Beginning with the line that contains "Instagram/Aanand L Rai", transcribe the rest of the listing below exactly, including its last line, and exclude any pictures.

==================================================

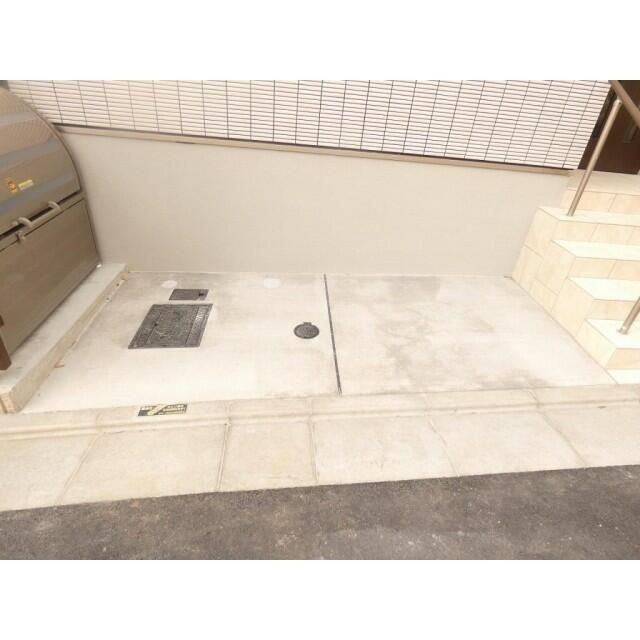 ソラーナ南池袋の設備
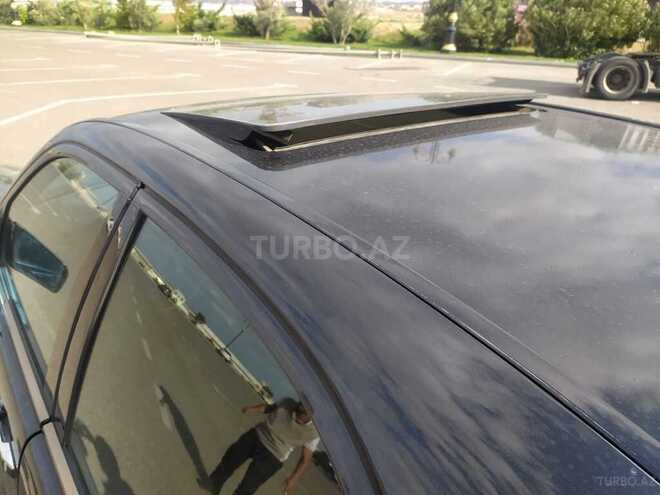 Mercedes E 230 1996, 245,440 km - 2.3 l - Sumqayıt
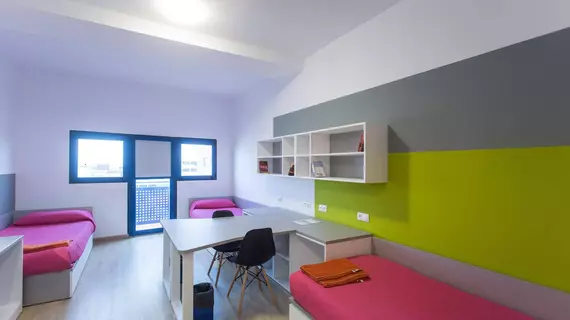 Colegio Mayor Galileo Galilei | Valencia Bölgesi - Valencia (vilayet) - Valencia Kent Merkezi - Algiros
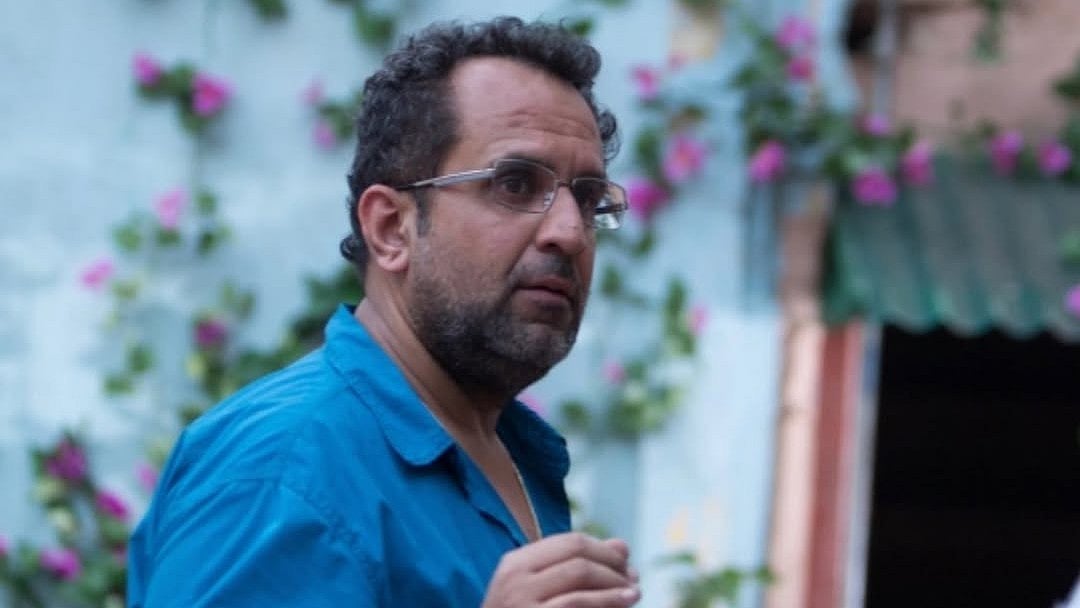 Instagram/Aanand L Rai : Aanand L Rai slams AI-altered re-release of Raanjhanaa without consent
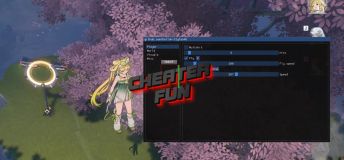 Wuthering Waves Cheat - Multihit, Fly, Speed, ESP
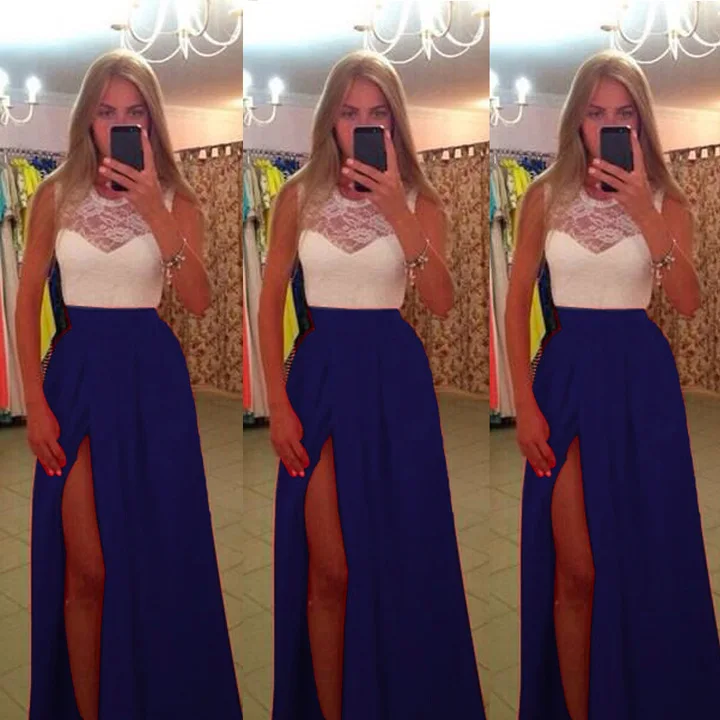Длинные летние платье пляж женщины Большой размер платья Vestidos Longos Vestido Longo халат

==================================================

### Answer
 Instagram/Aanand L Rai : Aanand L Rai slams AI-altered re-release of Raanjhanaa without consent
 Wuthering Waves Cheat - Multihit, Fly, Speed, ESP
Длинные летние платье пляж женщины Большой размер платья Vestidos Longos Vestido Longo халат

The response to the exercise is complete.